▼新年、初詣の参拝者で賑わう全国の神社仏閣で相次いで偽札が発見された。お参りに偽札を用いるとは何ともバチあたりなことだが、なかには偽札と知らずに賽銭を投げ入れた人もいたかもしれない。それほど、最近の偽札は巧妙につくられているらしい。偽札の巧妙化とITの高度化はもちろん関連性が大きいだろう。昨年11月から発行が始まった新デザイン札はさまざまな偽造防止技術が盛り込まれているが、犯罪者側のやり口も高度化しており、今後もイタチごっこは続くのであろう。

▼紙幣の歴史は偽札との闘いでもある、といわれる。よって、犯罪者に対し技術で先行することが対症的な防御策となるが、それにも限界があり、やはりルール(法律)による歯止めが必要となる。刑法で通貨偽造、行使は無期または3年以上の懲役に処せられる重罪だ。だが、偽札のような古くからの犯罪に比べると、最近のデジタル社会を背景とした情報系の犯罪には、ルールによる歯止めが十分機能しているとは言い難い。

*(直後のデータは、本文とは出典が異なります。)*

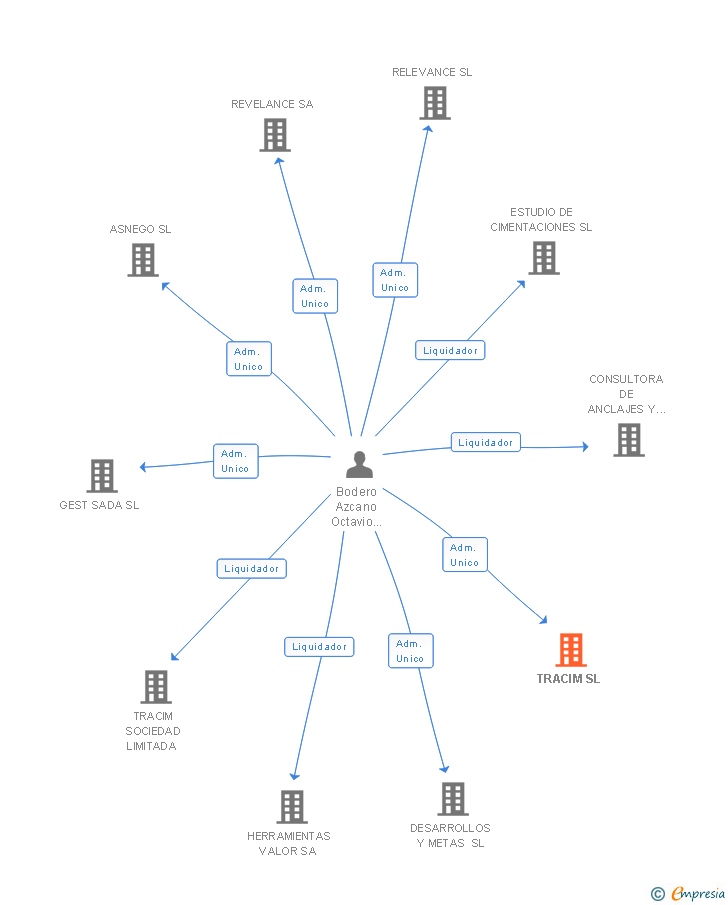 Vinculaciones societarias de TRACIM SL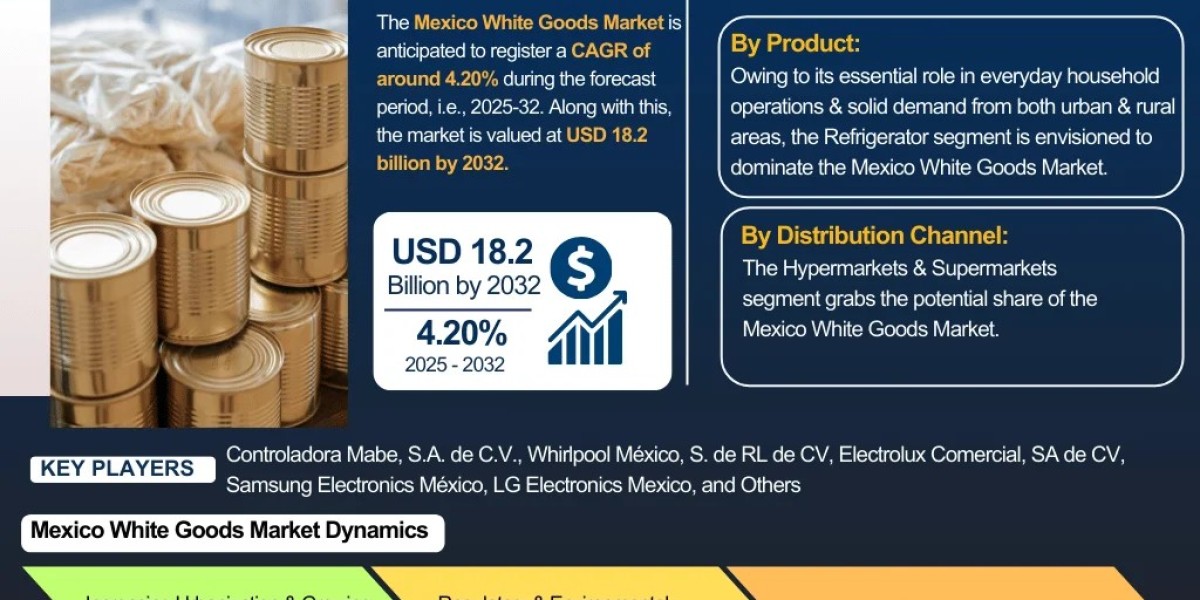 Mexico White Goods Market Size, Share, and Grow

▼最近被害が急増している振り込め詐欺も、流出した個人情報が犯罪に利用されているケースがあると聞く。こうした犯罪は10年前なら今ほど被害は出なかったであろう。この4月には個人情報保護法が施行され歯止めの一助になると期待されるが、ただし、個人情報保護法を巡っては、その審議の過程で「行政府による個人情報の乱用」と的外れな議論が展開されたことも記憶に新しい。デジタル社会のルールづくりは冷静さを欠いてはならない。